The pre-question to this question is Divide Spark DataFrame rows into multiple rows depending on the size of Map type column


Solution

  • I referred this post - How to use groupBy to collect rows into a map?

    I was able to do the same using flatten and toMap functions.

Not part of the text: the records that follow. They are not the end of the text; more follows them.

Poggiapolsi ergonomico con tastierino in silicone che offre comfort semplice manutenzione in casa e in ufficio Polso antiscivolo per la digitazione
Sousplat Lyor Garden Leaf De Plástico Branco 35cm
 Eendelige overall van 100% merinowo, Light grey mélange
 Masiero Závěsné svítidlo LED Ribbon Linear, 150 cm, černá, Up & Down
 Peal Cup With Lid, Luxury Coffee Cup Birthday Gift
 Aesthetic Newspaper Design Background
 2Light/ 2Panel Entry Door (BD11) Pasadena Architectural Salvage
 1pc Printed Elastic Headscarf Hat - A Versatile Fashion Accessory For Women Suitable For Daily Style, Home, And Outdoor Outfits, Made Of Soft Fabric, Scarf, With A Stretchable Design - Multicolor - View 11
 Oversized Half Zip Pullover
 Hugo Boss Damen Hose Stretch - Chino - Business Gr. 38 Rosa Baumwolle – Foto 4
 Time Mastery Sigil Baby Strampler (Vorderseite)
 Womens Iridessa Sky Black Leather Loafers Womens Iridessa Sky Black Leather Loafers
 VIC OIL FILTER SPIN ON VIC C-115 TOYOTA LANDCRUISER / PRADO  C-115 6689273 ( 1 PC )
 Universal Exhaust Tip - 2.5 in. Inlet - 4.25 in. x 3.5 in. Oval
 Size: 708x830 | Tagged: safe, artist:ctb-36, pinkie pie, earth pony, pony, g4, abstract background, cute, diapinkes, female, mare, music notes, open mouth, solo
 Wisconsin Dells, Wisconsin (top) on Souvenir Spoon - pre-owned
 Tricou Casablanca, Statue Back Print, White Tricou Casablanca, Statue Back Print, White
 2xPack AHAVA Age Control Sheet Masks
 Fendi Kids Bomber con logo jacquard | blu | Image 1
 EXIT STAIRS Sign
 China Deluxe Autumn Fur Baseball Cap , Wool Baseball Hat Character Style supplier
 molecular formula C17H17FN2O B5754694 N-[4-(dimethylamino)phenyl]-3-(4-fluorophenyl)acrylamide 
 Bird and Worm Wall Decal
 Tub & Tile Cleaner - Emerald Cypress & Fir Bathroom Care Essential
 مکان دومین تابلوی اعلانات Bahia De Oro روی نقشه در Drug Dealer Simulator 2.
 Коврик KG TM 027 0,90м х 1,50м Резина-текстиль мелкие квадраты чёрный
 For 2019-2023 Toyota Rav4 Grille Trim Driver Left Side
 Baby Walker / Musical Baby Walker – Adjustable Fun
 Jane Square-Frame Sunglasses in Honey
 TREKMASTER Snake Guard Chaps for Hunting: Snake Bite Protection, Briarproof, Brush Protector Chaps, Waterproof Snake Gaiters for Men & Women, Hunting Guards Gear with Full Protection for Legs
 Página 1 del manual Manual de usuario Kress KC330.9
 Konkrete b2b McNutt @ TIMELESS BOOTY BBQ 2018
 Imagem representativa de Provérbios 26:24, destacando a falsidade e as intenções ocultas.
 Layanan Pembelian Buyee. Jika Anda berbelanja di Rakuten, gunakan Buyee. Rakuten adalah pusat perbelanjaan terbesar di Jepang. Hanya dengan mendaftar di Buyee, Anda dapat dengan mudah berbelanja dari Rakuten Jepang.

    Updated working code as below:

    val joinMap = udf {
      values: Seq[Map[String,String]] => values.flatten.toMap
    }
    
    def writeToCassandra(dataFrame: DataFrame, keySpace: String, tableName: String) = {
       
      val maxItem = 65000
      
      val dfPreFinal = 
      dataFrame.select($"partition_key", $"row_key", $"data_as_of_date", posexplode($"attributes"))
      .withColumn("group", $"pos".divide(maxItem).cast("int"))
      .groupBy($"partition_key", $"row_key", $"data_as_of_date", $"group")
      .agg(collect_list(map($"key", $"value")).as("attributes"))
      .select($"partition_key", $"row_key", $"group", $"attributes", $"data_as_of_date")
      
      val dfFinal = dfPreFinal.withColumn("attributes", joinMap(col("attributes")))
      
      .write
      .format("org.apache.spark.sql.cassandra")
      .mode("append")
      .options(Map( "keyspace" -> keySpace, "table" -> tableName ))
      .save() 
    }
    

    Is there a better way (may be without UDF)?